**PROBLEM REQUIREMENTS**
Retype the data below verbatim; pictures do not belong in the copy.

┌──

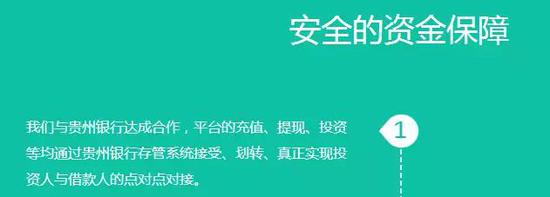乾贷网的宣传页面:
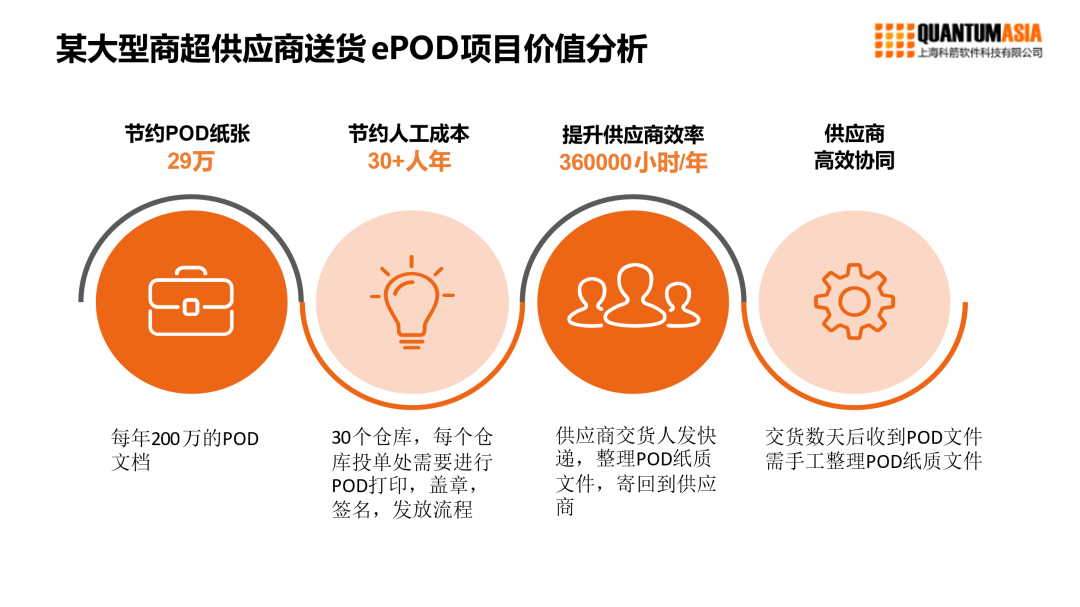 某大型商超供應(yīng)商送貨ePOD項(xiàng)目價(jià)值分析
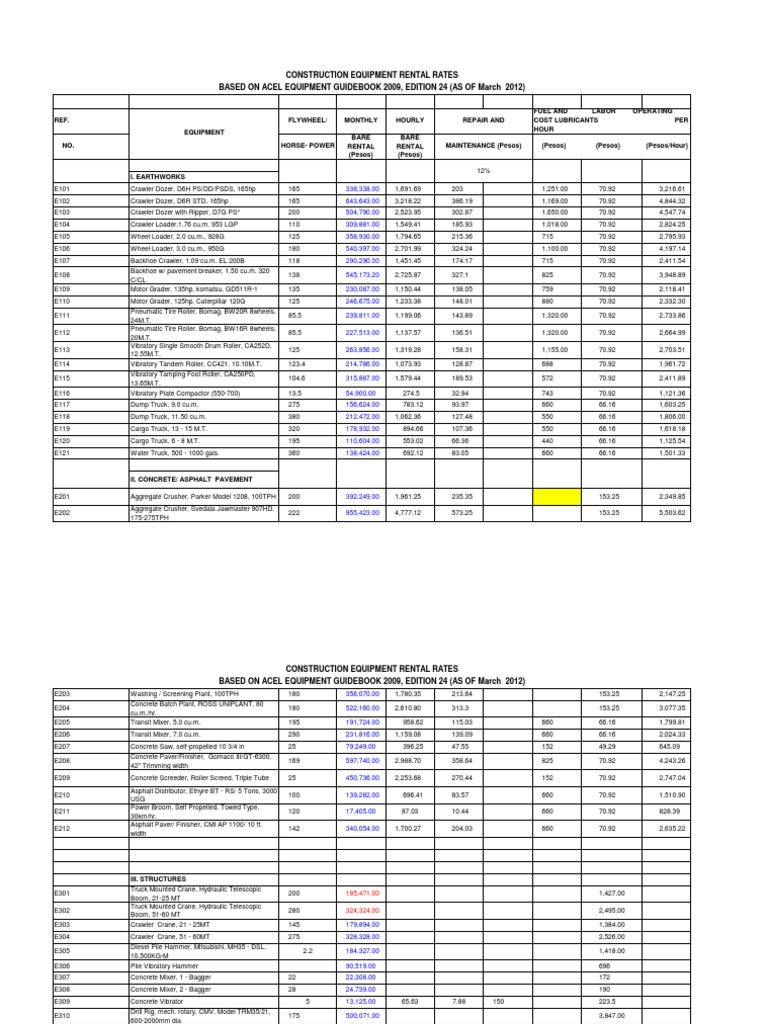 ACEL Equipment Rental Rates 2025 | PDF | Heavy Equipment | Equipment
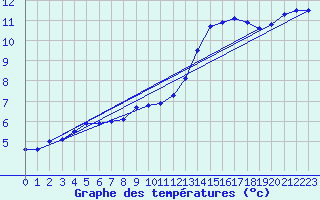 Courbe de tempratures pour Cherbourg (50)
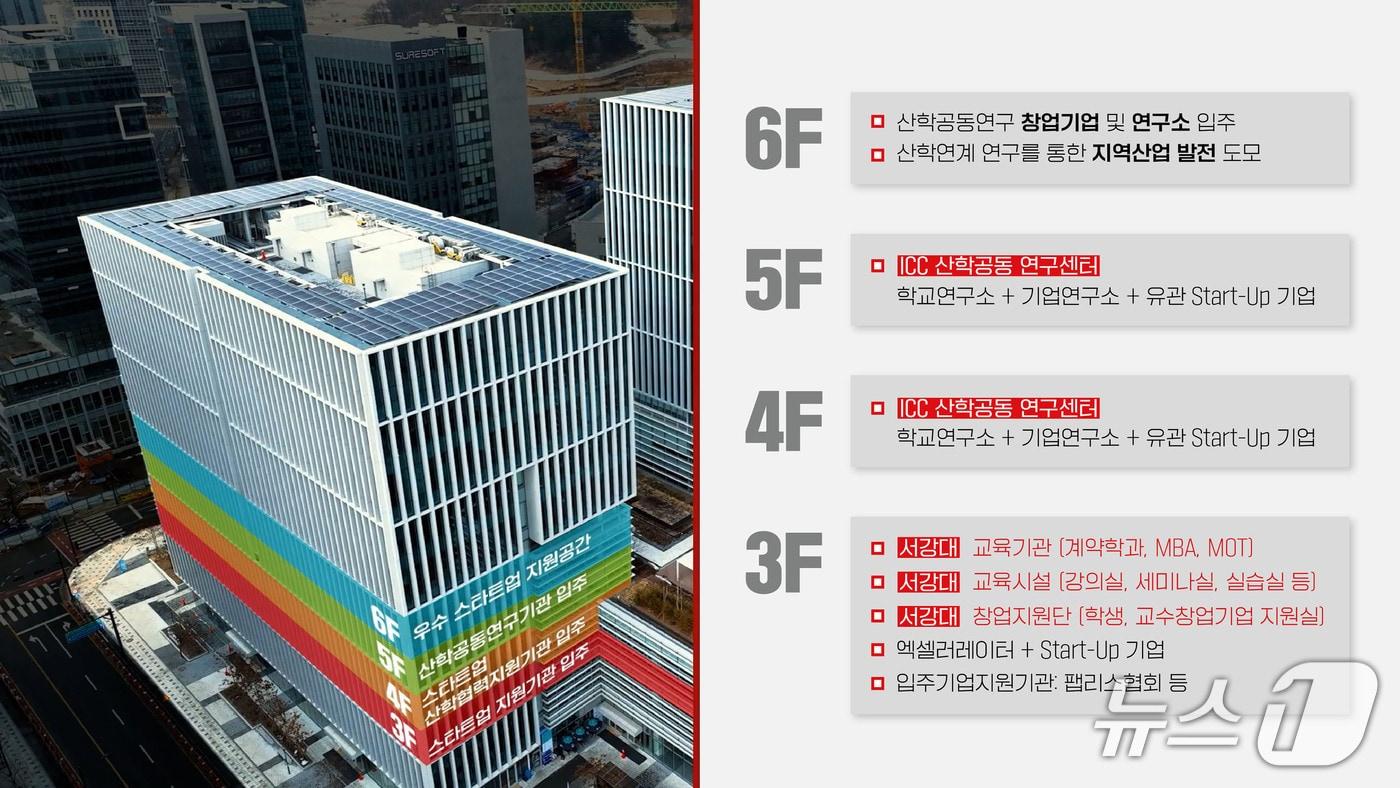 본문 이미지 - '서강-판교 디지털혁신캠퍼스' 입주 예정 시설.(성남시 제공. 재판매 및 DB금지)/뉴스1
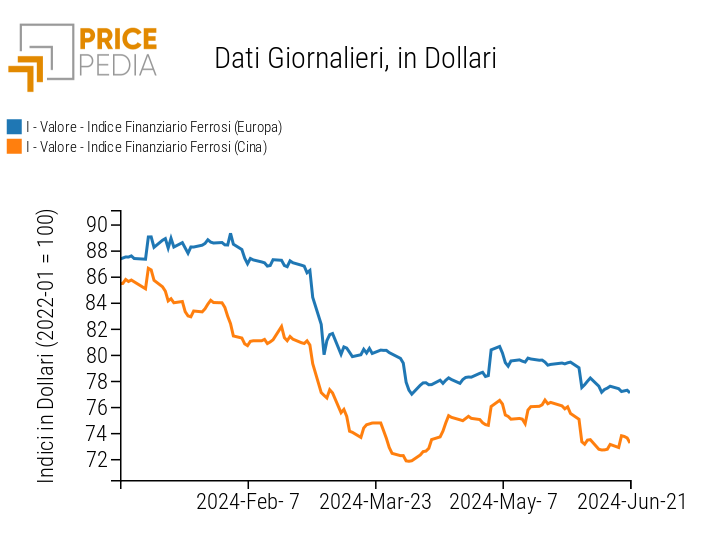 Indici Finanziari PricePedia dei prezzi in dollari dei metalli ferrosi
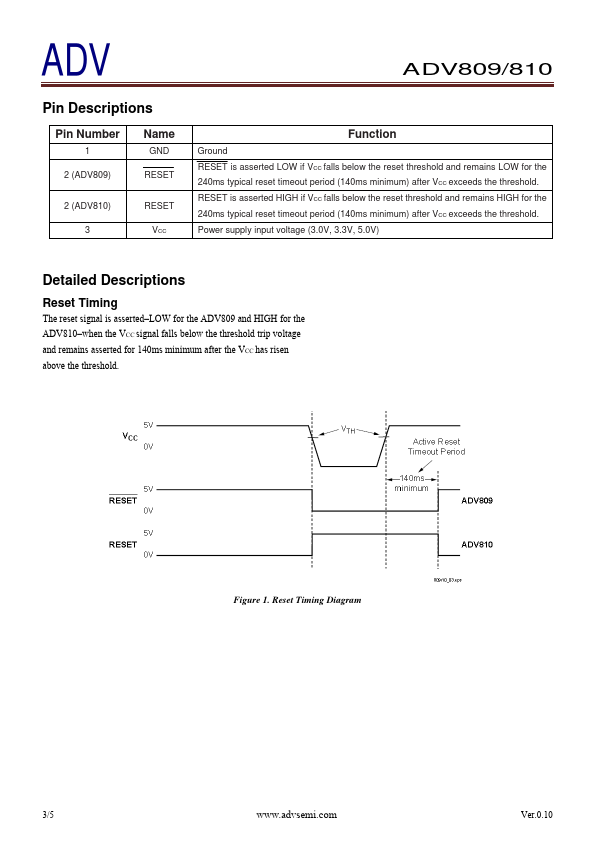 ADV809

└──

**COMPLETED EXERCISE**
乾贷网的宣传页面:
 某大型商超供應(yīng)商送貨ePOD項(xiàng)目價(jià)值分析
 ACEL Equipment Rental Rates 2025 | PDF | Heavy Equipment | Equipment
 Courbe de tempratures pour Cherbourg (50)
 본문 이미지 - '서강-판교 디지털혁신캠퍼스' 입주 예정 시설.(성남시 제공. 재판매 및 DB금지)/뉴스1
 Indici Finanziari PricePedia dei prezzi in dollari dei metalli ferrosi
 ADV809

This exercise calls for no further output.